EXERCISE DETAILS: Filter out all lines without the word "Achterkant" from the data below, please, and copy the rest.

SUPPLIED MATERIAL:

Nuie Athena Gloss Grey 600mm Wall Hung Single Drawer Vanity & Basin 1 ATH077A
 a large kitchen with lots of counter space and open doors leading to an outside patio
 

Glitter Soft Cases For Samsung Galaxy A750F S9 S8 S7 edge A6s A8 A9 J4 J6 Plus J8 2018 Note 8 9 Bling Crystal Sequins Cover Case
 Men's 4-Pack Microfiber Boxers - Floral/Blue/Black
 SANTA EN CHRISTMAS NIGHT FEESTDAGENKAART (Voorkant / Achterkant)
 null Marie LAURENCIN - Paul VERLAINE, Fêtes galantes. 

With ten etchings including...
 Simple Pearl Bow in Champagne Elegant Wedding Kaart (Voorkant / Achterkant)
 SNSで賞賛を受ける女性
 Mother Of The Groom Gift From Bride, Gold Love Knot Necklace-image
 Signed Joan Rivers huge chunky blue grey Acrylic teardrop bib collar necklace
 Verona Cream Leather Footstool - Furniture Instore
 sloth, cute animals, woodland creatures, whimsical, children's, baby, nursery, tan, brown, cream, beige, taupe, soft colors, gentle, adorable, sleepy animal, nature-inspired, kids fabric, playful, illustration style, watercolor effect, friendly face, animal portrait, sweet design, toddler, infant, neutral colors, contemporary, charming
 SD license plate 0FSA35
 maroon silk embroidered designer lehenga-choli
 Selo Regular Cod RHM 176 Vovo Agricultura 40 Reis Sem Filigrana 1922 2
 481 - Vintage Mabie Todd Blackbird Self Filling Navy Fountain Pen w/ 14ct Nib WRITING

WRITTEN ANSWER:
 SANTA EN CHRISTMAS NIGHT FEESTDAGENKAART (Voorkant / Achterkant)
 Simple Pearl Bow in Champagne Elegant Wedding Kaart (Voorkant / Achterkant)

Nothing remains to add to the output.